**TASK BRIEF**
Repeat the listing below in full and exactly, but without its pictures.

**COLLECTED DATA**

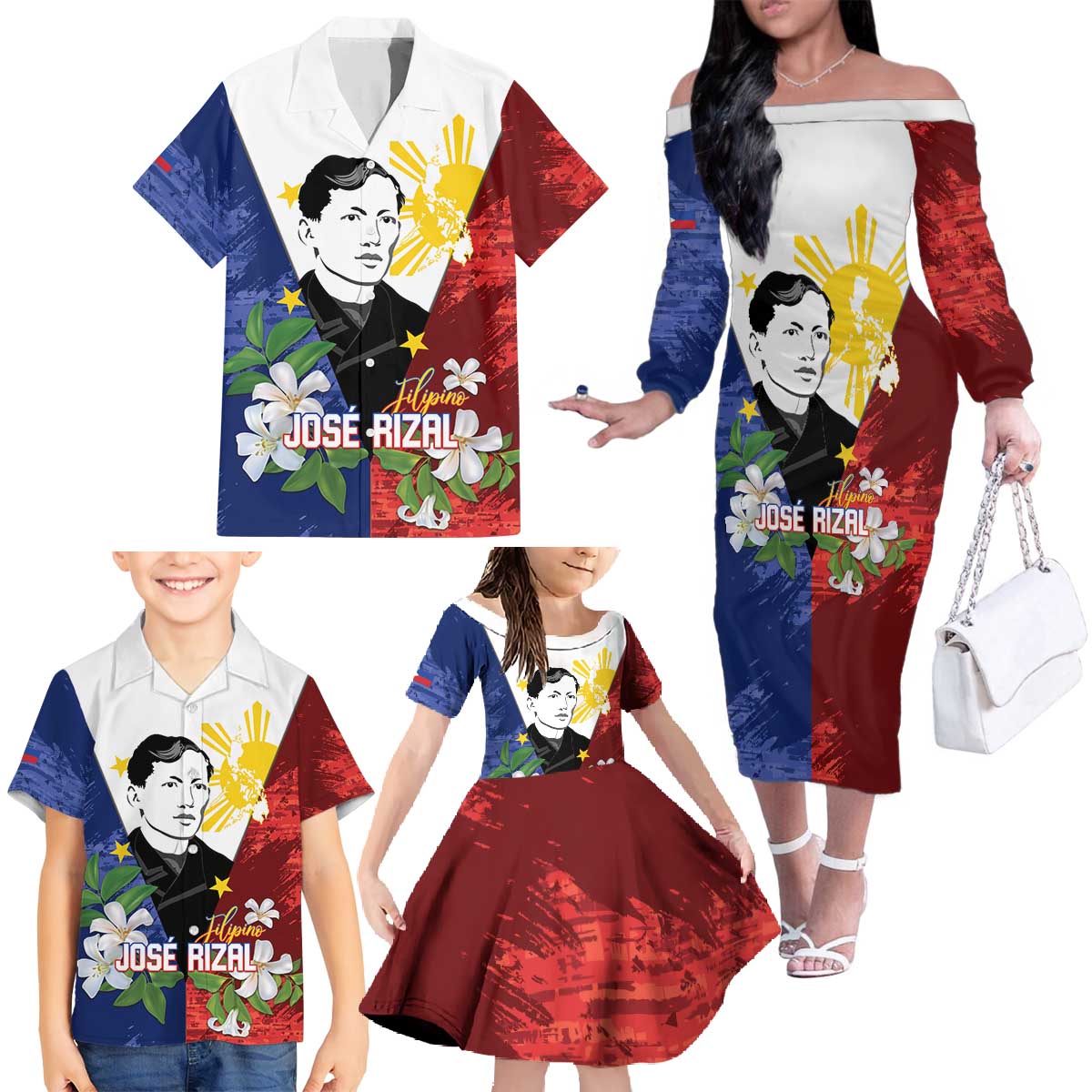 Philippines Rizal Day Family Matching Off The Shoulder Long Sleeve Dress and Hawaiian Shirt Filipino Sampaguita Grunge Style LT14 - Polynesian Pride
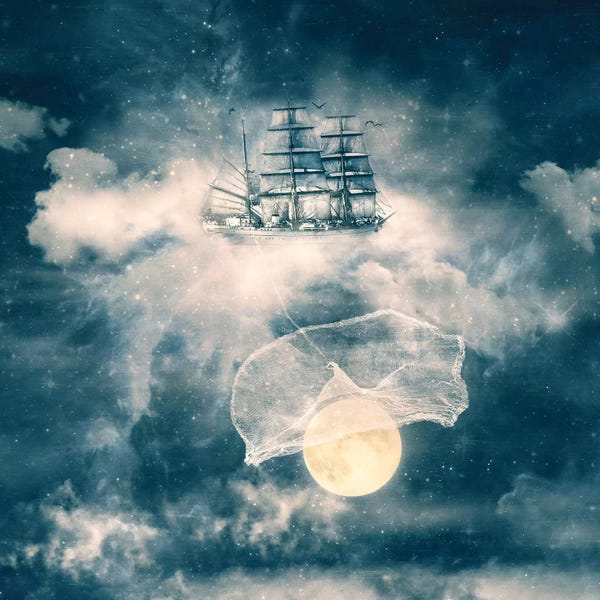 Kids Transportation Art: I Am Gonna Bring You The Moon by Paula Belle Flores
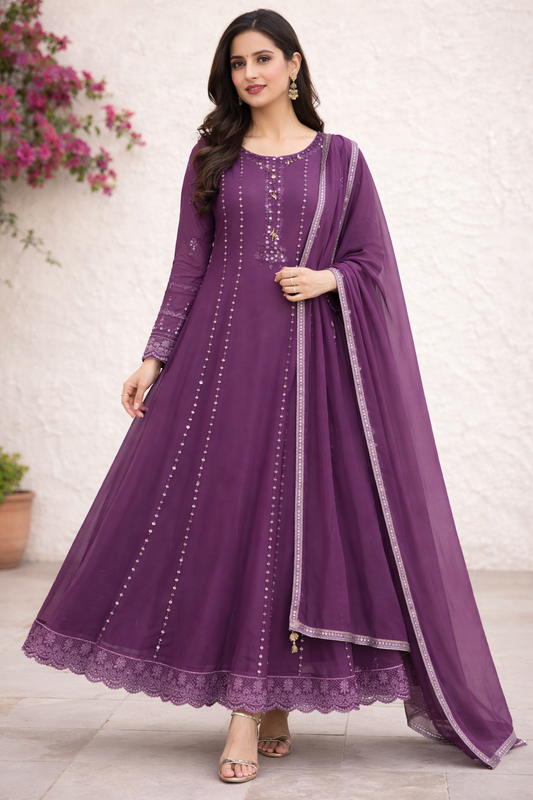 Lilac - Mirror Work Outfit - ELRR131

**RESPONSE**
 Philippines Rizal Day Family Matching Off The Shoulder Long Sleeve Dress and Hawaiian Shirt Filipino Sampaguita Grunge Style LT14 - Polynesian Pride
 Kids Transportation Art: I Am Gonna Bring You The Moon by Paula Belle Flores
 Lilac - Mirror Work Outfit - ELRR131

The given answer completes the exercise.